Background

Chronic cholecystitis typically emerges from prolonged gallbladder inflammation attributed to the presence of gallstones or the recurrent migration of acute cholecystitis. Clinical manifestations exhibit considerable variability, ranging from asymptomatic or recurrent right upper quadrant discomfort to abdominal pain, and in some cases, acute exacerbations. A study by [1] reported a 44% positive bile culture rate in patients with chronic cholecystitis.
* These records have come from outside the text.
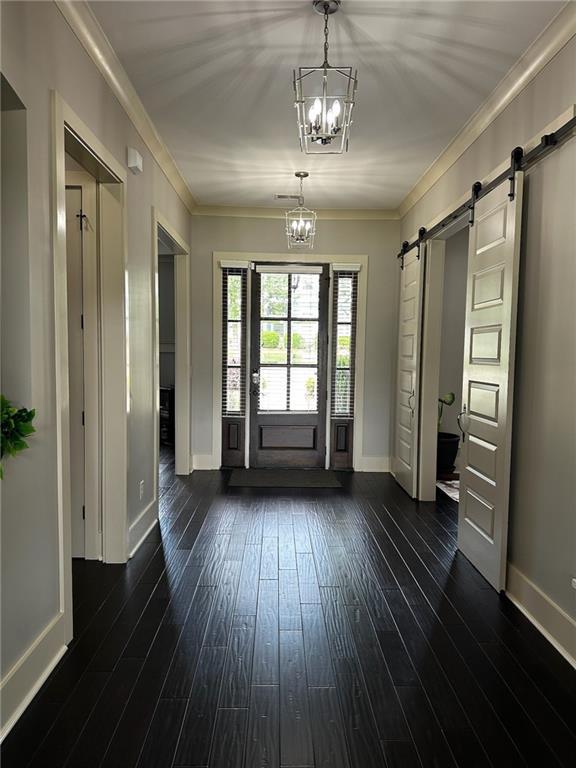 2657 Gray Mill Way, Loganville, GA 30052 - foyer featuring a barn door, baseboards, a chandelier, ornamental molding, and dark wood-type flooring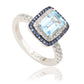 Suzy Levian Sterling Silver Emerald Cut Blue Topaz and Sapphire Accent Ring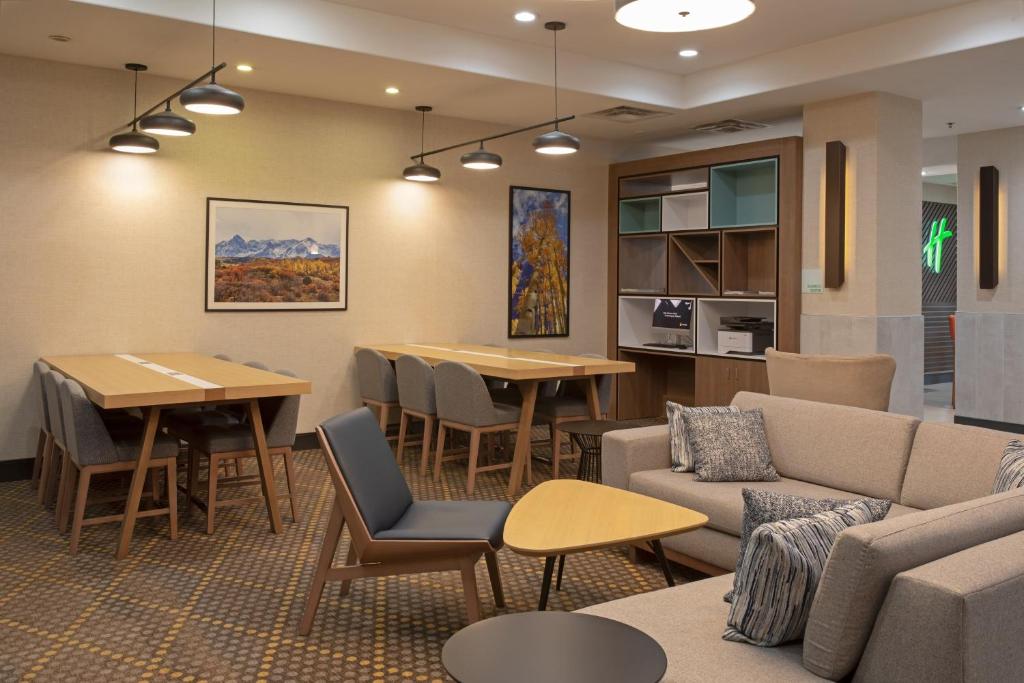 a living room with a couch and tables and chairs at Holiday Inn & Suites Durango Downtown by IHG in Durango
Classification is based on the presence or absence of gallstones, distinguishing between calculous and acalculous cholecystitis. In recent years, shifting dietary habits, lifestyle changes, and widespread use of antimicrobial agents have contributed to an escalating incidence of calculous cholecystitis. Gallstone formation obstructs bile drainage, facilitating the entry of enteric pathogens into the biliary tract via blood, lymphatics, or retrograde flow, thereby instigating biliary tract infections (biliary tract infection,BTI). Subsequent infection further exacerbates disease progression, intensifying its severity and impeding effective clinical management [2].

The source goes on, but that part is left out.